Apple may not be looking out for you in general, but they looking out for their brand, which is tied to consumer experience.


Its very possibly that if the App also had network code for loading ads, say through iAds or AdMob, that an API scanner wouldn't notice anything unusual for a reviewer to feel concerned about.

That's precisely the point. They can't catch underhanded code in the app unless they do a full source code audit - and honestly, I wouldn't be the least bit surprised if Apple changed the SDK license to require developers to upload their .xcodeproj files which get built and released from Apple's servers directly.


I'm not sure even a full code-audit is practical. Some big vendors use libraries under licenses that don't allow them to distribute the source to third parties (I don't know how prevalent this is on iPhone, but I know it happens in general), and Apple has shown an aversion to rules that mess with the big guns this way. It would also require a much higher caliber of app testers, because finding malicious code in a large codebase is nontrivial even if the malware writer isn't being particularly clever.

This would basically require Apple to severely choke the App Store pipeline, and given Apple's relatively lax attitude toward security, I don't think they'd make that tradeoff.

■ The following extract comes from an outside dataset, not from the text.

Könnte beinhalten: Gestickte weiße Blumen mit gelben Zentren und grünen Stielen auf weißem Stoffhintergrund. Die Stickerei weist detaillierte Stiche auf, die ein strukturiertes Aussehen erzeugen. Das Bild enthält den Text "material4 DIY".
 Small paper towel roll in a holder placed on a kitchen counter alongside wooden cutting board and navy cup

Regarding: With the recent security issues with Android phones (this will happen with Apple apps too, but maybe to a smaller degree) Apple's controls are looking nicer and nicer.

I respectfully disagree. App approval process has nothing, repeat nothing, to do with security. As an example I can create a time-bomb app, which does nothing nasty for 6 months and then once it is deployed on several Apple devices it begins to do whatever it was programmed to do.

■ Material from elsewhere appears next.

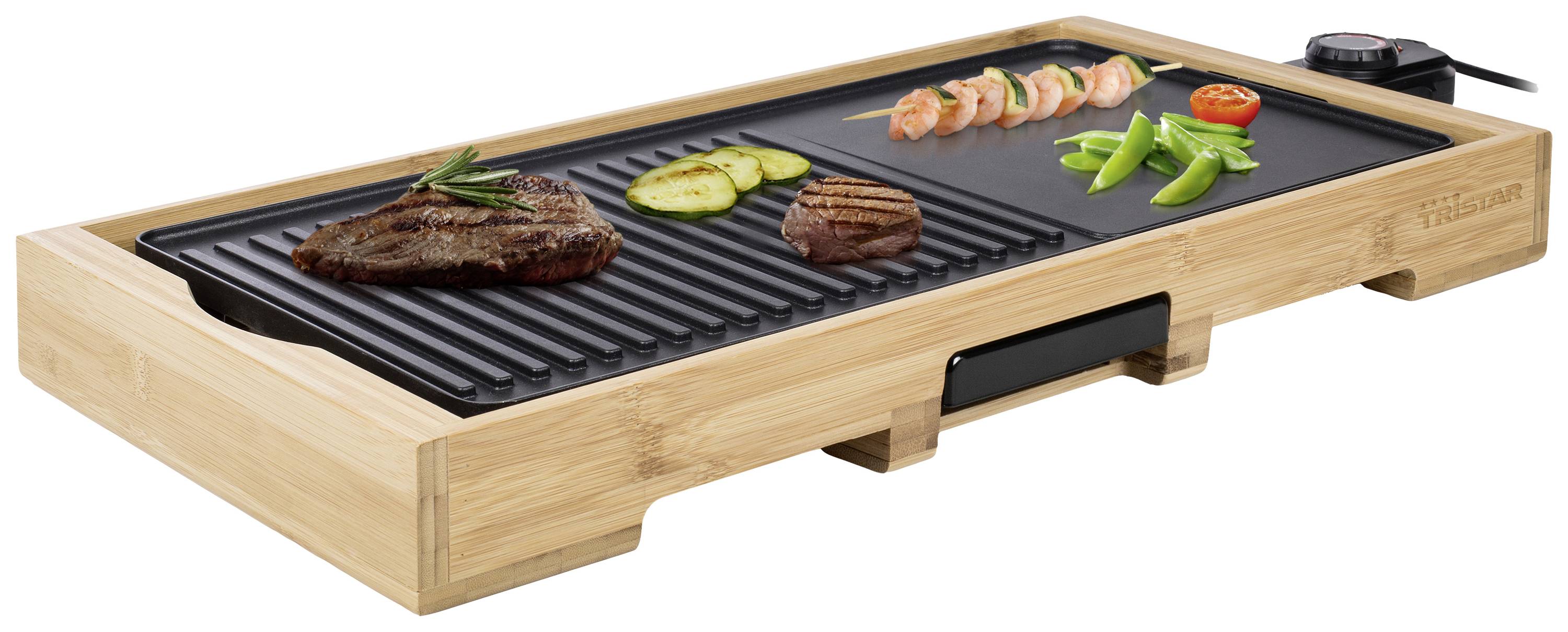 Elektrický stolní gril s bambusovým rámem. Na grilovací ploše leží steak, cuketa, krevetový špíz, rajče a fazole.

There is no way an app approval process can handle that or catch that. That requires disassembly and careful analysis of the source or disassembled code.

That apps on Apple's devices are more secure is an illusion.


"That apps on Apple's devices are more secure is an illusion."

Yeah, and careful sandboxing of each app and control of the functions you use has nothing to do with security either.

Apple knows what functions you use and when, and the data you send receive using them. They know the format, nothing else is needed. That's one of the reason they only let you use documented calls.

For me its easy to make a software that monitors that activity,so with so many people smarter than me, I can not imagine that Apple has not done it. I know they have automated tools for analyzing Apps proposals, so I'm confident they monitor live the apps activity.


> That apps on Apple's devices are more secure is an illusion.

You're 100% on the money, but it's an illusion that the users believe in.

It's a war of public opinion, and Apple is winning.


They want centralized marketing, distribution, security and payment handling which the HTML option doesn't have. They could build a website selling these apps if they wanted, but that would be work outside of developing, which they don't want to do.

Actually, no, I don't think I've ever heard anyone complain about lack of a central marketing and distribution channel. Having one is nice but many developers would do away with it if it also means doing away with Apple's draconian control policies.

In any case, the argument is bogus because there's no reason why you can't have both except that it doesn't directly serve Apple's interests.


Its not that developers want to deal with central marketing and distribution. They don't. But customers do.